Stell dir folgendes Szenario vor: Ein junges Paar durchläuft die Ehevorbereitung mit ihrem Pastor. Dabei betont er, wie wichtig es ist, Vater und Mutter zu verlassen, dem Ehepartner anzuhangen und „ein Fleisch“ zu werden (vgl. 1. Mose 2:24). Doch nach der Hochzeit und den Flitterwochen beginnt der Druck von beiden Familienseiten. Die eine Familie möchte jedes Fest mit dem Paar verbringen. Die andere gibt Ratschläge zur Haushaltsführung und Entscheidungsfindung. Das Paar steht zwischen den Erwartungen und möchte niemanden enttäuschen. Zwar haben sie nun geheiratet und wohnen zusammen, doch es fällt ihnen schwer, wirklich als Einheit zu leben.

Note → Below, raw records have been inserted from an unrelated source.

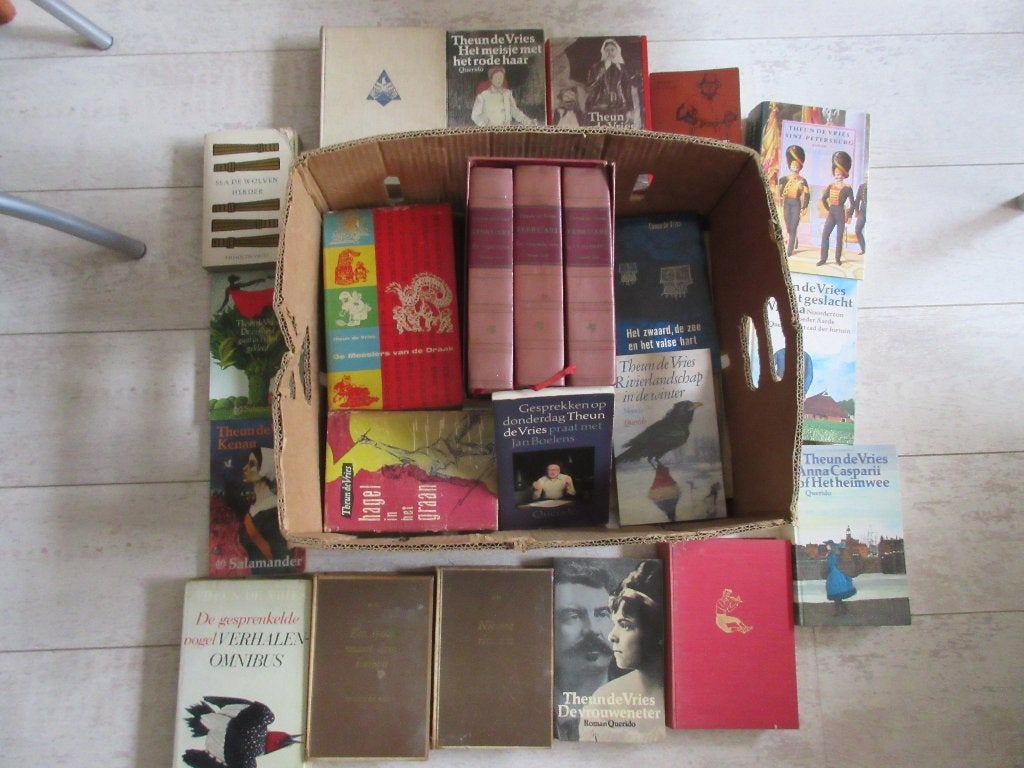 Veel Boeken van Theun de Vries, Ophalen of Verzenden, Gelezen, Theun de Vries, Nederland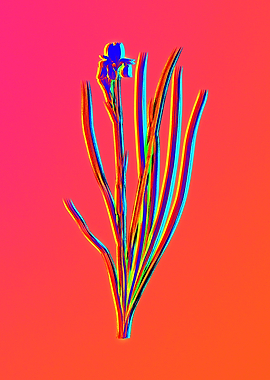 Neon Flower Artwork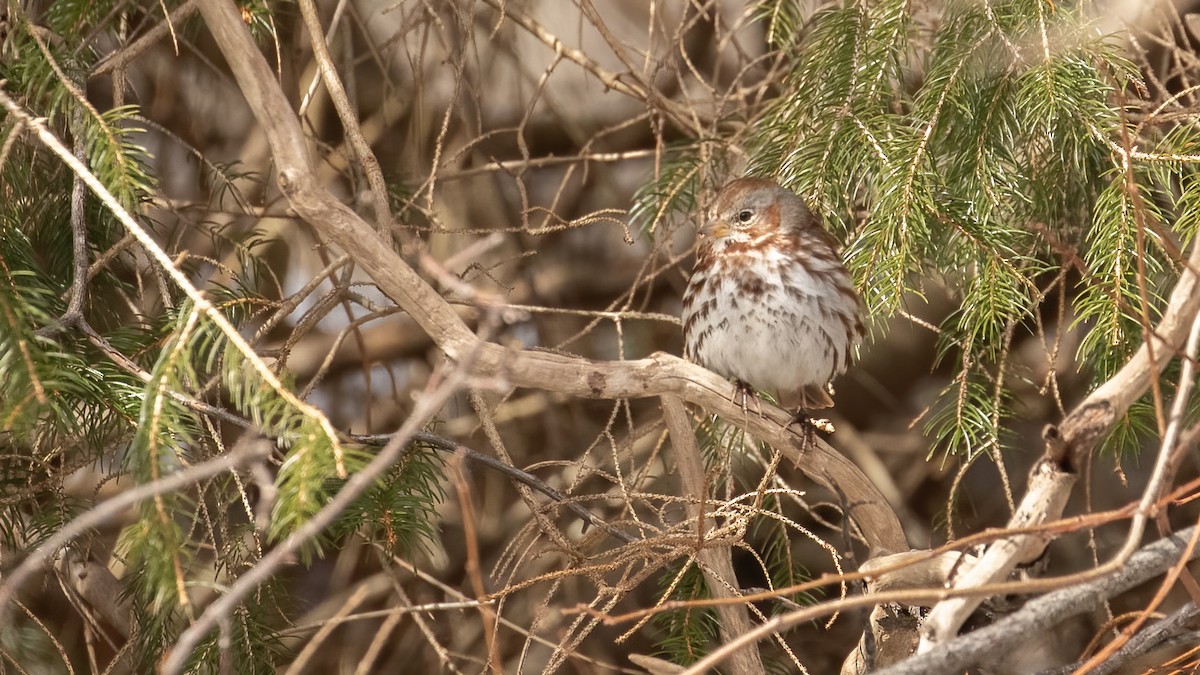 Fox Sparrow (Red) - ML616622167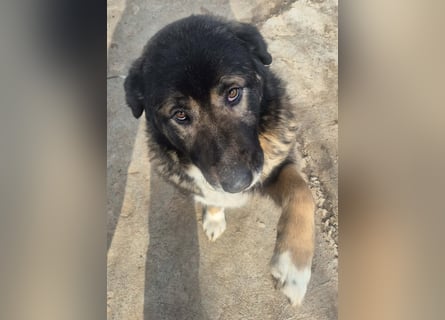 Boya - sanfte Riesin sucht einfach nur Liebe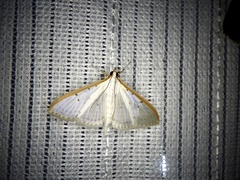 Palpita nigropunctalis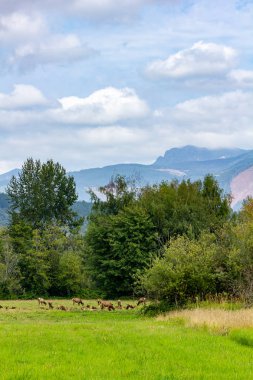 gizli üstleri ve bulutlar ile yüksek dağlar, elk duydum aşağı bakmak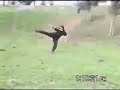 Karate pobla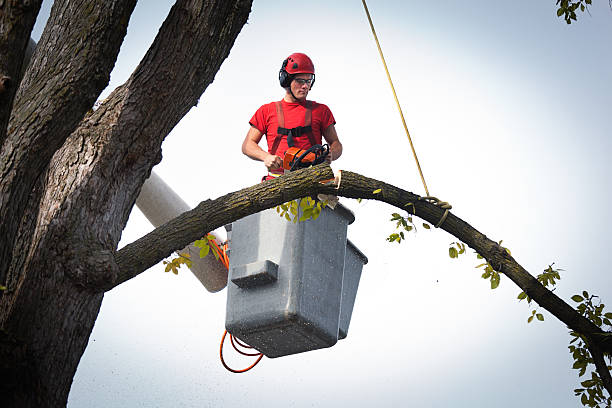 Best Tree Cabling and Bracing  in Lakeport, CA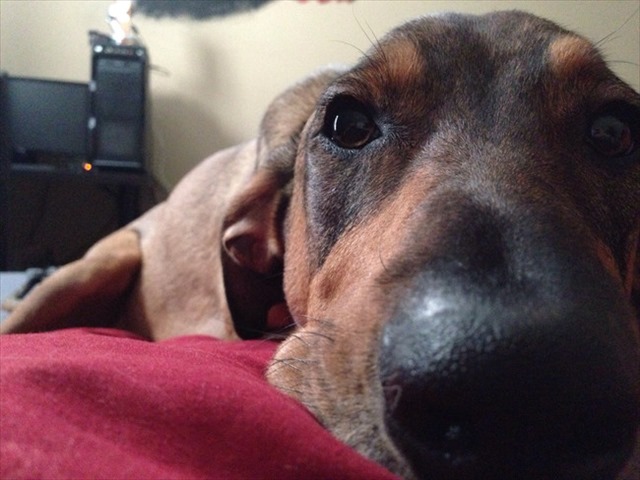 desktop-1438617894_R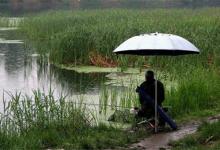 天气好钓不到鱼？这些知识告诉你怎么钓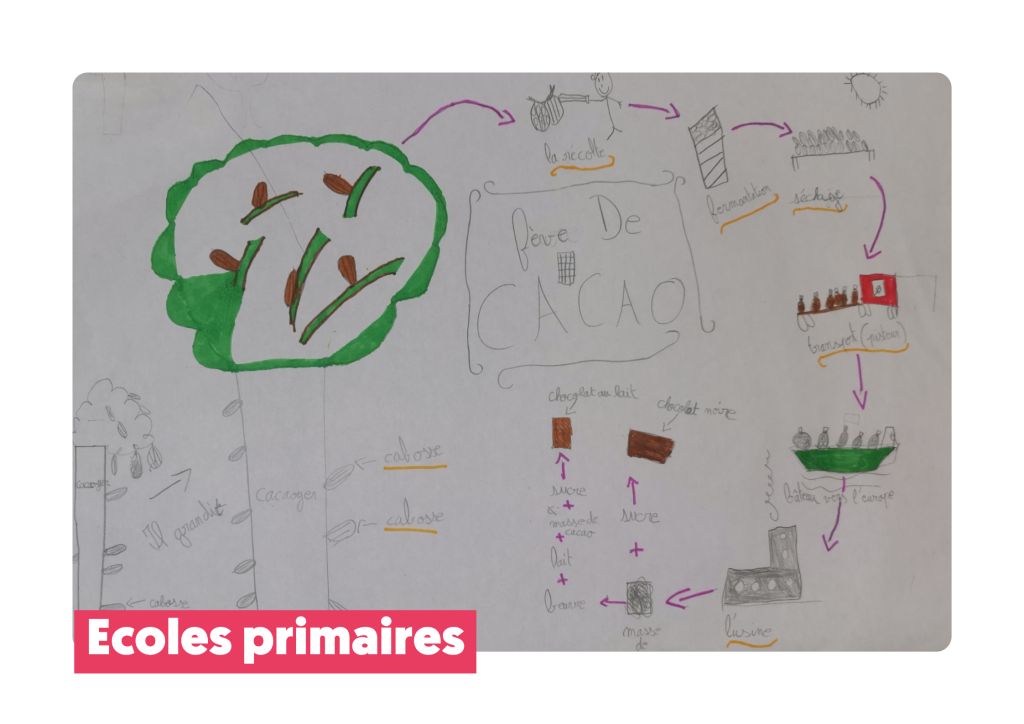 Sensibilisation écoles primaires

So gut die Absichten auch sind – Ähnliches geschieht auch zwischen Gemeinden und Missionaren. Gemeinden senden aus Liebe Missionare in alle Welt, behalten sie aber gleichzeitig als Mitglieder auf ihrer Gemeindeliste. Diese Praxis, so gut gemeint sie ist, kann jedoch die Integration der Missionare in eine Ortsgemeinde am Einsatzort erschweren. Der Missionar empfindet oft eine stärkere Verpflichtung gegenüber seiner „Heimatgemeinde“ als gegenüber der neuen Gemeinde vor Ort. Obwohl eine Aussendung stattgefunden hat und der Wohnort sich geändert hat, gelingt es nicht, ganz in den neuen Gemeindekontext hineinzuwachsen.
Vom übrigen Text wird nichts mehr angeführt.